WHAT IS BEING ASKED
Find the line with "Calypso Apt. Mandouki, Corfu" in the records below. Copy it and every line after it, up to and including the line with "Vu Ho Van Cuong va Phi Nhung anh 5".

EXTRACTED ENTRIES

((

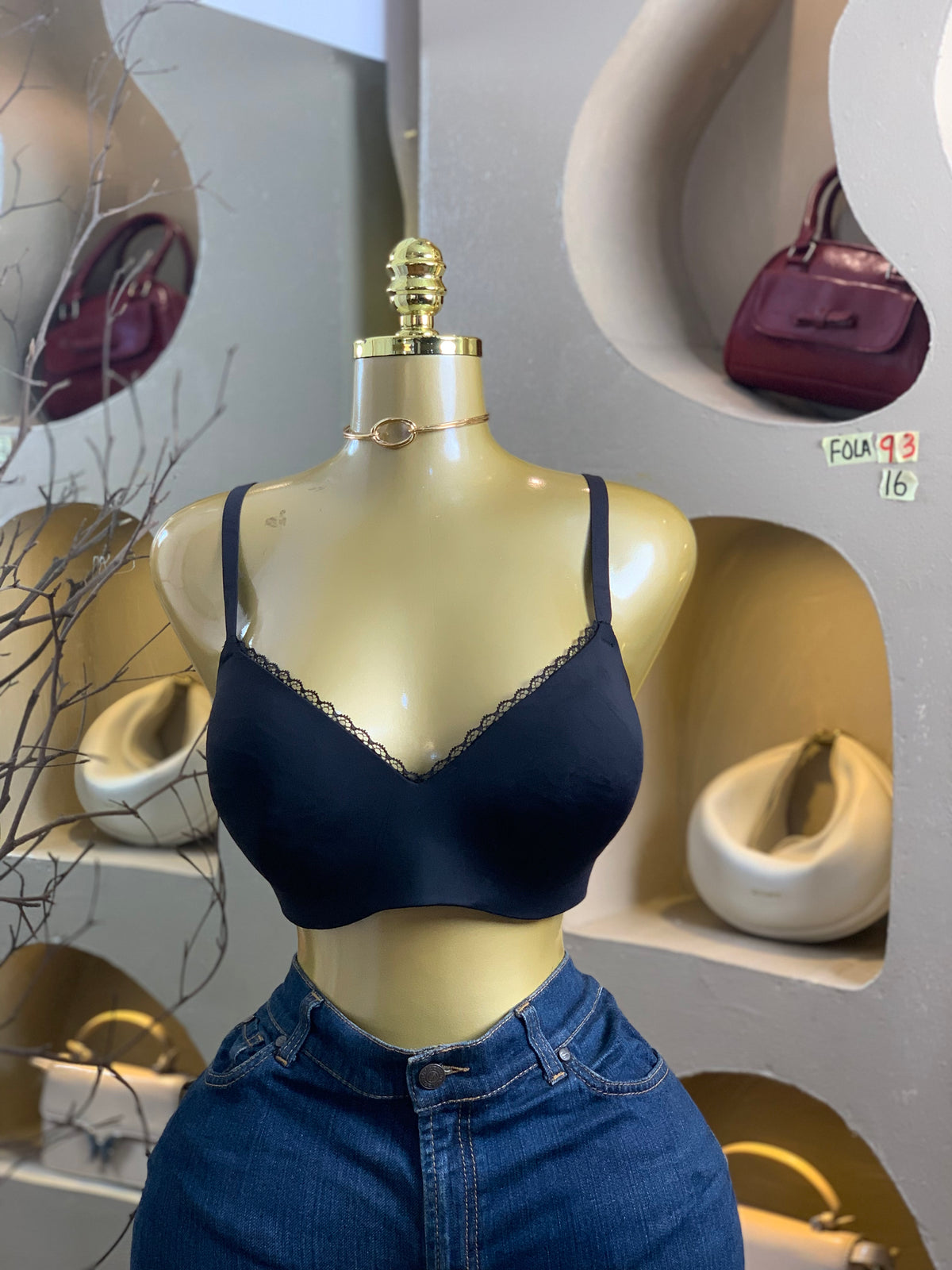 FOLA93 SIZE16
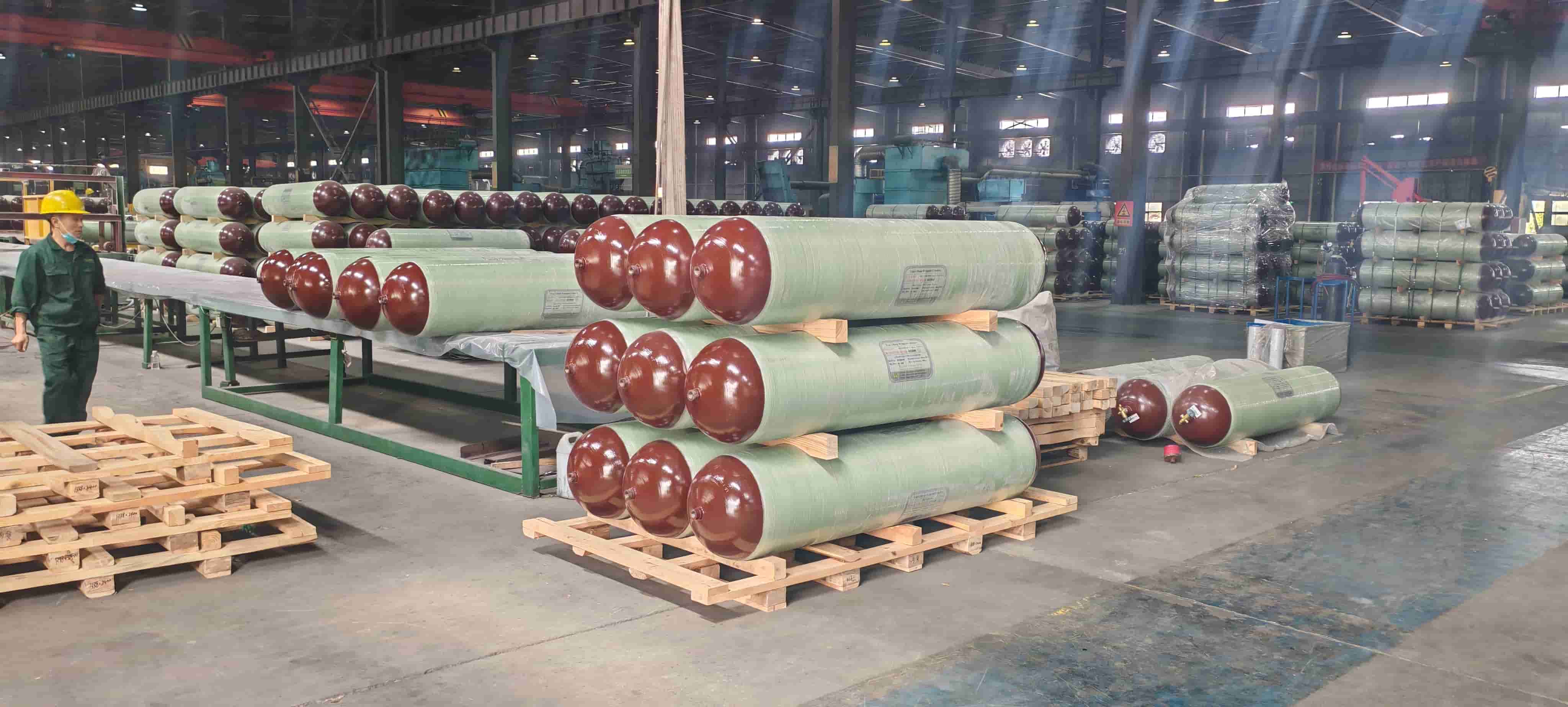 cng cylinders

))
((

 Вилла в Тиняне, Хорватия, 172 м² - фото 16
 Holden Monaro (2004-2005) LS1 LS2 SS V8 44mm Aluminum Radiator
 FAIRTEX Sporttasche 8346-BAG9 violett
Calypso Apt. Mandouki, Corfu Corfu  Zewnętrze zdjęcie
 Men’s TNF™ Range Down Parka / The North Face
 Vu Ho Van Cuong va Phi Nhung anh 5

))

EXERCISE RESPONSE
Calypso Apt. Mandouki, Corfu Corfu  Zewnętrze zdjęcie
 Men’s TNF™ Range Down Parka / The North Face
 Vu Ho Van Cuong va Phi Nhung anh 5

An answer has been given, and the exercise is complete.